• _WORK INSTRUCTIONS_
Work out the count of lines in the entries below that include "Vest", and write only that count.

━━━ RECORD EXTRACTS ━━━

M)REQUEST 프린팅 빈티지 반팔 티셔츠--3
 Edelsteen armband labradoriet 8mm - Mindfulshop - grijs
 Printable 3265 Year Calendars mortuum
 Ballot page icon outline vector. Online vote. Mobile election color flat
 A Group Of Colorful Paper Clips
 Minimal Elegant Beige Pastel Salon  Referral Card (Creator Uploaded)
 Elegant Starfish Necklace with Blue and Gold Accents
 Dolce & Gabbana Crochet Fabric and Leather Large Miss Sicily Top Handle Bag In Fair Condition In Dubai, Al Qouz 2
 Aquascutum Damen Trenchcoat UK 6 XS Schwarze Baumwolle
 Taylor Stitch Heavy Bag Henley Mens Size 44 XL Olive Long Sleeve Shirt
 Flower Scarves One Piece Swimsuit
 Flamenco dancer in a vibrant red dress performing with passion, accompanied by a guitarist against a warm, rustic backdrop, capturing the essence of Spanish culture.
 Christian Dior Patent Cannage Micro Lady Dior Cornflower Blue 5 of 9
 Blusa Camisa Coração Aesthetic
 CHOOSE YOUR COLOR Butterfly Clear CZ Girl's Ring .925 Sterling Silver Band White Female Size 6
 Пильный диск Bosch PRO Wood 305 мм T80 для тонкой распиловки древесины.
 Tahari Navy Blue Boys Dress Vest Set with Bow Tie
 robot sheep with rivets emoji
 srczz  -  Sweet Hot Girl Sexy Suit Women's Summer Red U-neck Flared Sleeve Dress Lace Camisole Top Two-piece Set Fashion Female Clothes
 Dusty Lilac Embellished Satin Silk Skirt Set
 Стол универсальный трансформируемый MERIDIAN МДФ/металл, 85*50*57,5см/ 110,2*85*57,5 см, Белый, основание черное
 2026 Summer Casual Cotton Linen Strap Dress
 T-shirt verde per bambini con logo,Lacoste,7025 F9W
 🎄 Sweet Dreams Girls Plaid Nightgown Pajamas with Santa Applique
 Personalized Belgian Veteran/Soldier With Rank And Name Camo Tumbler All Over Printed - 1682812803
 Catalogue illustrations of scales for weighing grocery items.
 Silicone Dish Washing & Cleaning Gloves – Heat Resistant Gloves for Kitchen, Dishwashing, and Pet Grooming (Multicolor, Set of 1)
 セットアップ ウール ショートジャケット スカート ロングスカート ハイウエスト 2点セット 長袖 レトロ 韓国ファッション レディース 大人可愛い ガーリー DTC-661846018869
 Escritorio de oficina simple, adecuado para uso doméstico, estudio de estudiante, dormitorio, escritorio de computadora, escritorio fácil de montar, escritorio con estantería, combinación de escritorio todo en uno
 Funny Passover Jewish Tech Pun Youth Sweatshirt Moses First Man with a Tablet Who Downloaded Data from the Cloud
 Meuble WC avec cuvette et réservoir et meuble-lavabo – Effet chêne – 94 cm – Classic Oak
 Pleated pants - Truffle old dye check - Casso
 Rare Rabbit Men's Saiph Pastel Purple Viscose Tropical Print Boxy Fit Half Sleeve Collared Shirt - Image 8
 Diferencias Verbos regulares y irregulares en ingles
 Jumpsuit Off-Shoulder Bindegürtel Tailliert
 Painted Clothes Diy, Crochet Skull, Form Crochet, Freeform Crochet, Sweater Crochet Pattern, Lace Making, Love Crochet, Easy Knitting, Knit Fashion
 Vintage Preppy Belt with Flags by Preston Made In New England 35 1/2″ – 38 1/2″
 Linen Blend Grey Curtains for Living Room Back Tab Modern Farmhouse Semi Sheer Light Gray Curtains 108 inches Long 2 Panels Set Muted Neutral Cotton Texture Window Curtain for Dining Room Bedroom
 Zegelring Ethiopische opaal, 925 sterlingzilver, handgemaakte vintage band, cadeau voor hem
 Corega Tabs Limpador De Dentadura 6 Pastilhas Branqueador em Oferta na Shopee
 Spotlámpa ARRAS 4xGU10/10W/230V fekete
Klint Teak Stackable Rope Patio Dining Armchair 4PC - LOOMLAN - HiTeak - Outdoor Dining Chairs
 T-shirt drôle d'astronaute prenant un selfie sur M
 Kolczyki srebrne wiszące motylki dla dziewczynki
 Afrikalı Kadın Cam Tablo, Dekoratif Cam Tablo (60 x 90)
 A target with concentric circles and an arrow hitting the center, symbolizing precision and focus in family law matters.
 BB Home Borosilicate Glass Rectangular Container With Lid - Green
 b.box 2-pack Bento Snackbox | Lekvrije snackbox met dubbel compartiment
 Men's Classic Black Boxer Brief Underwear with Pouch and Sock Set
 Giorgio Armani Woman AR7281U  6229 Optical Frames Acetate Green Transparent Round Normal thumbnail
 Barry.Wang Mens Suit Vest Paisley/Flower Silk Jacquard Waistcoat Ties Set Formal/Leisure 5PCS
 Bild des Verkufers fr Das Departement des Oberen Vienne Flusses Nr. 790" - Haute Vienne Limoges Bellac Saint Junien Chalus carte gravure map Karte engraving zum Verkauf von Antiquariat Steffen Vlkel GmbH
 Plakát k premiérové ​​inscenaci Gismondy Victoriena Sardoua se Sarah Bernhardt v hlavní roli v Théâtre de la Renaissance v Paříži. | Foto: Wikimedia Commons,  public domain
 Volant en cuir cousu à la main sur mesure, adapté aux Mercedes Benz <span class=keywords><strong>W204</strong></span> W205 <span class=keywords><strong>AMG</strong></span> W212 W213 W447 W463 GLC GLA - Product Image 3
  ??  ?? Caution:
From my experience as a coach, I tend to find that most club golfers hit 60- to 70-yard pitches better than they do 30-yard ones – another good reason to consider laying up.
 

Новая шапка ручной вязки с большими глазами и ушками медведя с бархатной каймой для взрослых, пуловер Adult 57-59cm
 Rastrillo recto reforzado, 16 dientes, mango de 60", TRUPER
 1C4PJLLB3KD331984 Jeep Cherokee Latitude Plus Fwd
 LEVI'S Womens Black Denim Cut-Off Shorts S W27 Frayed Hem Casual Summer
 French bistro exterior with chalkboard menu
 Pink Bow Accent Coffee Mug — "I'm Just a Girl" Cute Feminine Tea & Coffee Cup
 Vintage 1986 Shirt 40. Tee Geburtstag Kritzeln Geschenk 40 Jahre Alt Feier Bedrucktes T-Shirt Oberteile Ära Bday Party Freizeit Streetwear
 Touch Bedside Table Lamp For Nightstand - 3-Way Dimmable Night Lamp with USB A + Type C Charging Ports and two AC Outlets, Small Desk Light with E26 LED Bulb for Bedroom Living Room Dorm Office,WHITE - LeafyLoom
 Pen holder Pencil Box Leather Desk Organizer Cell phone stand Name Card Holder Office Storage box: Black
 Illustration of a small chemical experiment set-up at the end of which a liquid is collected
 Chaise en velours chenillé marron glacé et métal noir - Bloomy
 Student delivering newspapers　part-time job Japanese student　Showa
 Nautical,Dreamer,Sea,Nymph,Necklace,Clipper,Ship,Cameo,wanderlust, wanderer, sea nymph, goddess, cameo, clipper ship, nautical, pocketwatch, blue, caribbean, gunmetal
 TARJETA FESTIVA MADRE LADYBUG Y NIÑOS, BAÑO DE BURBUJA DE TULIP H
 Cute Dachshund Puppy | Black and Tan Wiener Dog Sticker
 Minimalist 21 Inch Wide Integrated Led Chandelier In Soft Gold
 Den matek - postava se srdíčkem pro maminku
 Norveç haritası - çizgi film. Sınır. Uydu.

━━━

• _SOLVED PROBLEM_
2